## ASSIGNMENT
Recreate the listing that follows line for line, without pictures.

## PROVIDED DATA
○ ○ ○ ○ ○

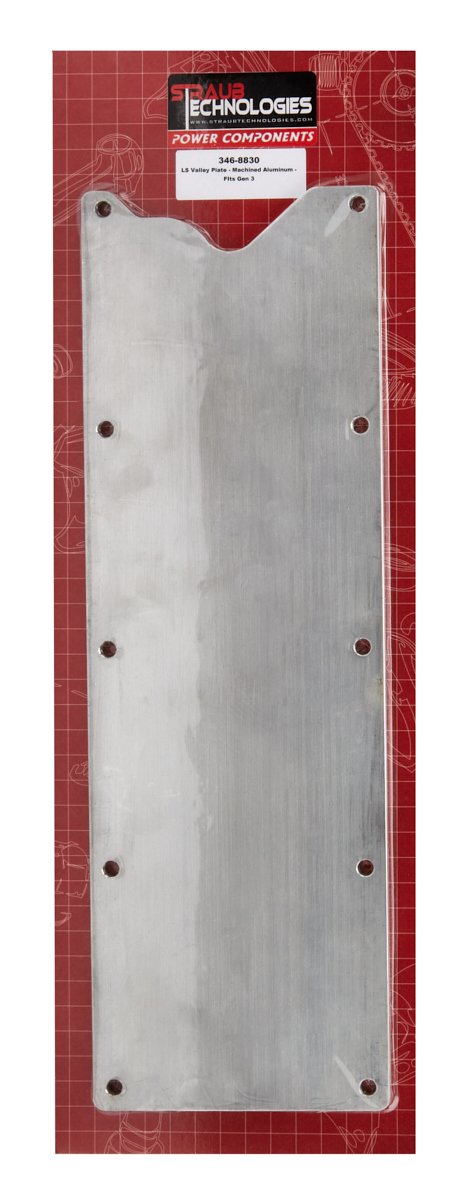 Valley Cover - 0.25 in Thick - Aluminum - Natural - GM LS-Series - Each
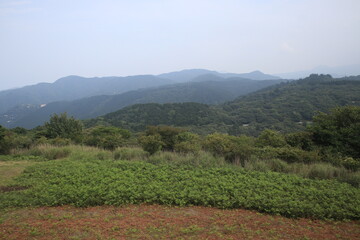 伊東市　風景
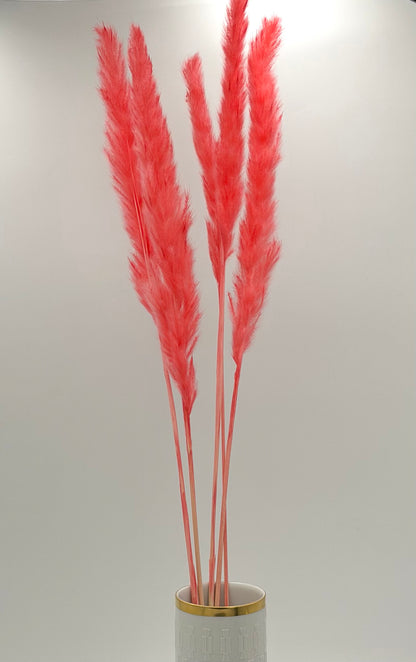 Pampas Stiel pink 5 Stück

○ ○ ○ ○ ○

## EXERCISE OUTPUT
 Valley Cover - 0.25 in Thick - Aluminum - Natural - GM LS-Series - Each
 伊東市　風景
 Pampas Stiel pink 5 Stück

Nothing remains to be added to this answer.